▶ Required work
Nothing should appear in the answer except the lines from the one with "Hoy es el Día" through the end of the listing below, transcribed exactly and without pictures.

▶ Data segment
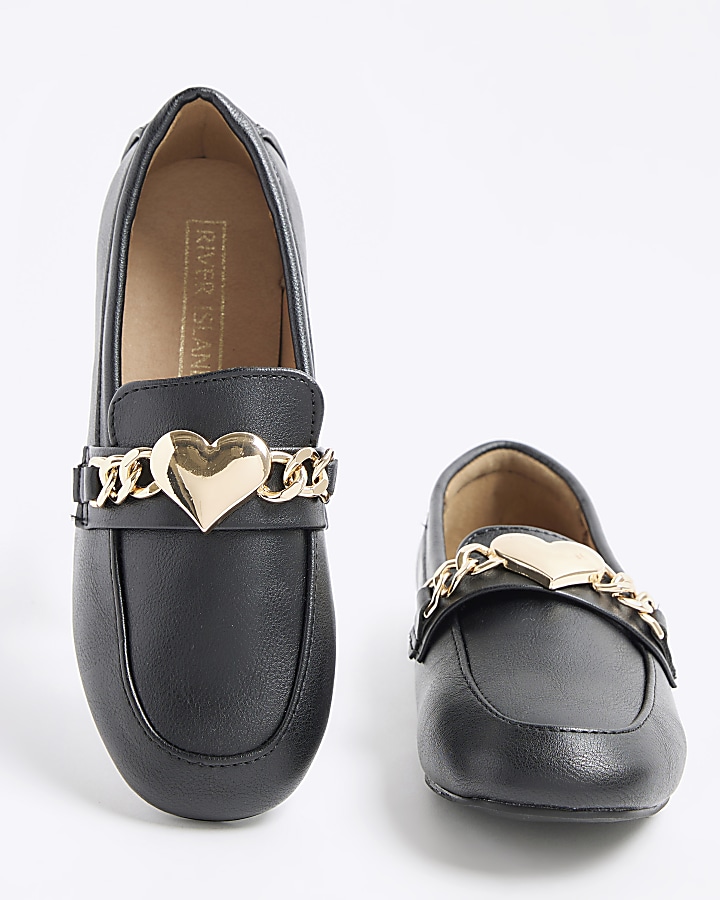 Girls black heart chain loafers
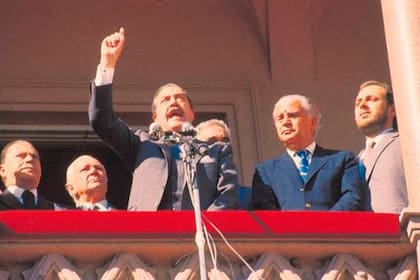 Hoy es el Día de la Restauración de la Democracia en recuerdo a la asunción presidencial de Raúl Alfonsín que acabó con los gobiernos de facto de 1976-1983
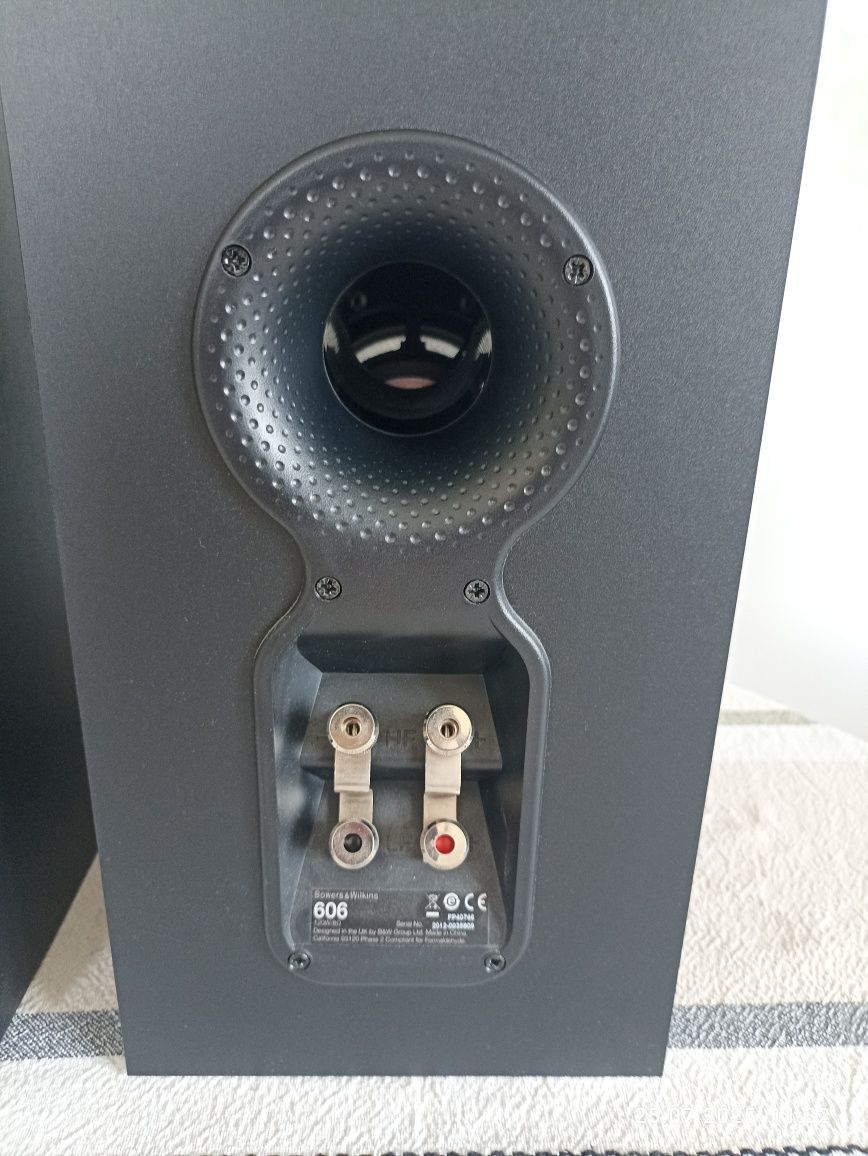 Kolumny Bowers & Wilkins 606, monitory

▶ Answer space
 Hoy es el Día de la Restauración de la Democracia en recuerdo a la asunción presidencial de Raúl Alfonsín que acabó con los gobiernos de facto de 1976-1983
 Kolumny Bowers & Wilkins 606, monitory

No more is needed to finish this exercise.